***** Data for this exercise

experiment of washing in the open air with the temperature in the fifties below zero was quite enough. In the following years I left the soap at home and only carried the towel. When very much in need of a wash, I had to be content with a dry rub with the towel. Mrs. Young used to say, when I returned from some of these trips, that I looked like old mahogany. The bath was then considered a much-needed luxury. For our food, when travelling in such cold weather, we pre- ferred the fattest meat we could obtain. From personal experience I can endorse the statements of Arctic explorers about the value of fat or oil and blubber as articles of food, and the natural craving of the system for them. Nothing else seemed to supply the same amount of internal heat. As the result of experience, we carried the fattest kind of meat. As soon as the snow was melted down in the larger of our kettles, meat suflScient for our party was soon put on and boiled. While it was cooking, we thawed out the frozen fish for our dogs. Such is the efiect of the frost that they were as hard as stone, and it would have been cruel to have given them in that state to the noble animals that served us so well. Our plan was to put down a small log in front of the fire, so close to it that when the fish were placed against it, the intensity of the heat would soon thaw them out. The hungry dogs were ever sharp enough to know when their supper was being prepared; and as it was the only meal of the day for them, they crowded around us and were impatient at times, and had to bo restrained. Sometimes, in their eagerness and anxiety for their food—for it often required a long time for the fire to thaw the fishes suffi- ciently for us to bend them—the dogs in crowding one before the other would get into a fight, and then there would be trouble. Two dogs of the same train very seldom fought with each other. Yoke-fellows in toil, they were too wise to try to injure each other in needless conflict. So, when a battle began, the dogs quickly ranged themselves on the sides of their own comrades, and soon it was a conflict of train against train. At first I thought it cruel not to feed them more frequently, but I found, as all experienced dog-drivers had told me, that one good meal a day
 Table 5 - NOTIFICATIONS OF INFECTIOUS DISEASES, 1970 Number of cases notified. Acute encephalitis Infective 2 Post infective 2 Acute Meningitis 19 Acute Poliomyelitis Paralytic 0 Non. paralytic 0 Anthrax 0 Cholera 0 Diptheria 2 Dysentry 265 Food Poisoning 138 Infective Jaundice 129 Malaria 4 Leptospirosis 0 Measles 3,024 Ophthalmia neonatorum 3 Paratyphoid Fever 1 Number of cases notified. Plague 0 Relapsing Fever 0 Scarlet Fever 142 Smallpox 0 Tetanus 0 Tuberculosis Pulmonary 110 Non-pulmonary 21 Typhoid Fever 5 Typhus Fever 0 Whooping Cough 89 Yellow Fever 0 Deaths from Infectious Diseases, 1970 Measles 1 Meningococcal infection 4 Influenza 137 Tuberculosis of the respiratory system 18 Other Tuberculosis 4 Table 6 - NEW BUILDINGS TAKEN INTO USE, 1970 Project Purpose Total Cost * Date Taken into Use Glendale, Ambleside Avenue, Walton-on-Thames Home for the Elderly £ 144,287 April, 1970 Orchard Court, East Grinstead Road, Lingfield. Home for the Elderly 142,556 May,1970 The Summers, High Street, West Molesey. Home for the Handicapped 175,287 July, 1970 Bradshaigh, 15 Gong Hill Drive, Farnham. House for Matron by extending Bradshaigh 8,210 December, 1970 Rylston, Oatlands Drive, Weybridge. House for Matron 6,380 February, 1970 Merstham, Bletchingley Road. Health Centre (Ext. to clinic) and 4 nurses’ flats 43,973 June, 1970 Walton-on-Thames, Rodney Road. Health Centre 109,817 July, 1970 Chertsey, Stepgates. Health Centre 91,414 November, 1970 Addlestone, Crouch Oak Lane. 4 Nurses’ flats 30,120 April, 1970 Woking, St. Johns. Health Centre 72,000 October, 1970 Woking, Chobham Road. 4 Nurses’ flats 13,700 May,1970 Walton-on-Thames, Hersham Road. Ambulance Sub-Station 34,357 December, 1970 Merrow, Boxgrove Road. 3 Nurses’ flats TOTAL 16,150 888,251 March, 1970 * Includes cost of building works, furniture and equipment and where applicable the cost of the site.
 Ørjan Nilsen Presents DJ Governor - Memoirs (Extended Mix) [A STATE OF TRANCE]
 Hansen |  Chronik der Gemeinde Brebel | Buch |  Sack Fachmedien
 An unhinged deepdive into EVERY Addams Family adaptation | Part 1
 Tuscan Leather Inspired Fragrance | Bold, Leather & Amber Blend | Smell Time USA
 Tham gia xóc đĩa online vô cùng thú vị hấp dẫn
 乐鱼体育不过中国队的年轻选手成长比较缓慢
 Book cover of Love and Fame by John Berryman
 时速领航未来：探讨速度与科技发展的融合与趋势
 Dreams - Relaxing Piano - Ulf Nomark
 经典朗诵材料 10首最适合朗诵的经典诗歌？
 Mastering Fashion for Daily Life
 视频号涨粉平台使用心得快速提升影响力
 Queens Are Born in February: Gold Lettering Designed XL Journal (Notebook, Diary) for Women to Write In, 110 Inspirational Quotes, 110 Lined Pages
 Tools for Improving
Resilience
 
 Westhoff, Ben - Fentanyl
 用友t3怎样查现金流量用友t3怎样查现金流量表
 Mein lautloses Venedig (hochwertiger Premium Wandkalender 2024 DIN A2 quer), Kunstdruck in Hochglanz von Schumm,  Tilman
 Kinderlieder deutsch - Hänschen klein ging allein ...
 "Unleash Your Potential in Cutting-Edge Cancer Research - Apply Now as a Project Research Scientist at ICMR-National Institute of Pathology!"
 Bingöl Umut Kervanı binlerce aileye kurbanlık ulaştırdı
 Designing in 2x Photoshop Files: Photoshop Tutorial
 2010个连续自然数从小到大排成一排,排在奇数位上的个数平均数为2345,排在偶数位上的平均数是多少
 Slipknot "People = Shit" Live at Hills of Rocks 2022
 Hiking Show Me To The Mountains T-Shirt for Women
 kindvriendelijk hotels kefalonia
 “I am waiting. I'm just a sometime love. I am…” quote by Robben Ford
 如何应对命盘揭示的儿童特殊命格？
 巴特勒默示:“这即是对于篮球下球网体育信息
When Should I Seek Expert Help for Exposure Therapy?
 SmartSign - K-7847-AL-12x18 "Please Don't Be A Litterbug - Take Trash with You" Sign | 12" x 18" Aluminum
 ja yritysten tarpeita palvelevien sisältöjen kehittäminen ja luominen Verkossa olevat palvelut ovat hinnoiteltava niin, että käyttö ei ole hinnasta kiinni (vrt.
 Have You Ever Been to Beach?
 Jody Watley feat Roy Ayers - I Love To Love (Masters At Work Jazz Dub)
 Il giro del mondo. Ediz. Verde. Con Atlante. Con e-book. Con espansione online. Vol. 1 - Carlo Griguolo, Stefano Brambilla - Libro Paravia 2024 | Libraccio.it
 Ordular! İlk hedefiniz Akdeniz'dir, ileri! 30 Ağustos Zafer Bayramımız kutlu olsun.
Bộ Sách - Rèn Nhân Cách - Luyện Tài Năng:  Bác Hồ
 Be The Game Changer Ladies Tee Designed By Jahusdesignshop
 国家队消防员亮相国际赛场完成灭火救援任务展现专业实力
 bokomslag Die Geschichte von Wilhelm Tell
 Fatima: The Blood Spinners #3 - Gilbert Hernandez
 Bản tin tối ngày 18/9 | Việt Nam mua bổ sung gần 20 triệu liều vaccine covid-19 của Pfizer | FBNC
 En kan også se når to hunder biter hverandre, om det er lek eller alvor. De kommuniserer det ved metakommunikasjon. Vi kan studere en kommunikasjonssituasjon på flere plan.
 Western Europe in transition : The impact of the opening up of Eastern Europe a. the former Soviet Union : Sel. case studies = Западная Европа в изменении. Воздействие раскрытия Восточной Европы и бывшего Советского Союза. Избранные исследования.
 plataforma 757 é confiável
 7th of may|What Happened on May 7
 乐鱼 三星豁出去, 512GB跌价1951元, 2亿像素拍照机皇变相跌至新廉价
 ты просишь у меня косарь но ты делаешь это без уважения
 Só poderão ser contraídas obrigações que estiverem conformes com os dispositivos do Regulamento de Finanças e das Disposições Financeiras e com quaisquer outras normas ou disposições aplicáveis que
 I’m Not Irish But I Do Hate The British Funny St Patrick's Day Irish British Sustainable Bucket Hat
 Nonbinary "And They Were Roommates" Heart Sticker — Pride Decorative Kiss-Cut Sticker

**********

• **What is needed**: Could you find every line in the records above that contains the word "Designed" and copy it?

• **Worked solution**:
 Queens Are Born in February: Gold Lettering Designed XL Journal (Notebook, Diary) for Women to Write In, 110 Inspirational Quotes, 110 Lined Pages
 Be The Game Changer Ladies Tee Designed By Jahusdesignshop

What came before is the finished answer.